I have a kubota mx5200dt (gear shift not hst) and my first regen was at 22 hours. I now average 12 to 14 hours between regens. Have 800 hours with no issues yet. I do a lot of forward and reverse loader work, skidding firewood, stationary work at high idle (1500 + rpms), and bush hogging. When bush hogging and a regen starts, it goes into regen mode almost immediately (regen light stays solid). Any other task requires pto speed for awhile to get it going into regen mode. In other words regen light will flash for awhile, even after I raise rpms so raise rpm light goes off.
it does not seem to matter what task I predominantly do between regens, it almost always hits right around 13 hours like clock work. I wonder if a hst model that spends most of its time at full rpms even during direction changes or precision placing would have longer intervals between regens then my gear model that throttles up, then down for such maneuvers???

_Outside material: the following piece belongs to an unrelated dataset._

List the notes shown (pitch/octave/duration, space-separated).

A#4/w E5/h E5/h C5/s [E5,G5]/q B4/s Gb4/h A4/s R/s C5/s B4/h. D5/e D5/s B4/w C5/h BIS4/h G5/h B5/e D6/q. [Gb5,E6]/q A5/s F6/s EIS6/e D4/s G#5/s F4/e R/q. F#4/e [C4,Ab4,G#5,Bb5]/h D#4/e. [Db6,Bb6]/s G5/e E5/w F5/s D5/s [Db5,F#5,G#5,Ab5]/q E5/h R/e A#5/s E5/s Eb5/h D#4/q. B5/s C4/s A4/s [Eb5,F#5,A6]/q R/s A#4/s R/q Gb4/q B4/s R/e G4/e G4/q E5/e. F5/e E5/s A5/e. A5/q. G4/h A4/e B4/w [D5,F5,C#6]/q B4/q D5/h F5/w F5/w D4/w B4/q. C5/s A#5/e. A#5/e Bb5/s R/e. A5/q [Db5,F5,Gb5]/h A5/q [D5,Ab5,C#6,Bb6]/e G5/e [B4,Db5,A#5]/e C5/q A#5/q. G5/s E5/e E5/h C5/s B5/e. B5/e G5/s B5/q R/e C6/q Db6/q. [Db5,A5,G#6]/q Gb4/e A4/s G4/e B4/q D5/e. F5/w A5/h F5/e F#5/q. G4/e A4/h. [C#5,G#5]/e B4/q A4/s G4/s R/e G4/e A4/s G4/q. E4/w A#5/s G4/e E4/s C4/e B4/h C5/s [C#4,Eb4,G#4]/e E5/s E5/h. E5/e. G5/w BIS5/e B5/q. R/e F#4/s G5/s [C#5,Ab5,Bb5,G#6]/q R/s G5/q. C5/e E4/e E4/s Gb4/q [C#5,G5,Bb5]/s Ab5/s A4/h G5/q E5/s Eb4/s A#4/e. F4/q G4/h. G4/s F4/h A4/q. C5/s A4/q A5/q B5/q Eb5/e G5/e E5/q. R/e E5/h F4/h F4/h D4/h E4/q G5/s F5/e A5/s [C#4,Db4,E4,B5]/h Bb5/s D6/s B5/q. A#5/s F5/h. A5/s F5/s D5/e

When I bought mine around 2.5 years ago I had my choice of hst or gear. I asked dealer which model has more dpf issues and he said the hst they are finding. Not because of the design, but because the operator s seem to putt around half throttle and let them idle a lot more then they were seeing with the gear models operators who ran the rpms higher usually and shut the engine off more then letting it sit and idle. Whatever? I bought the gear because that is what I wanted. Like I said, it has been flawless for about 800 hours regen about every 13 hours. I actually (so far) don't mind this style engine. Kinda like it, but that's a different topic.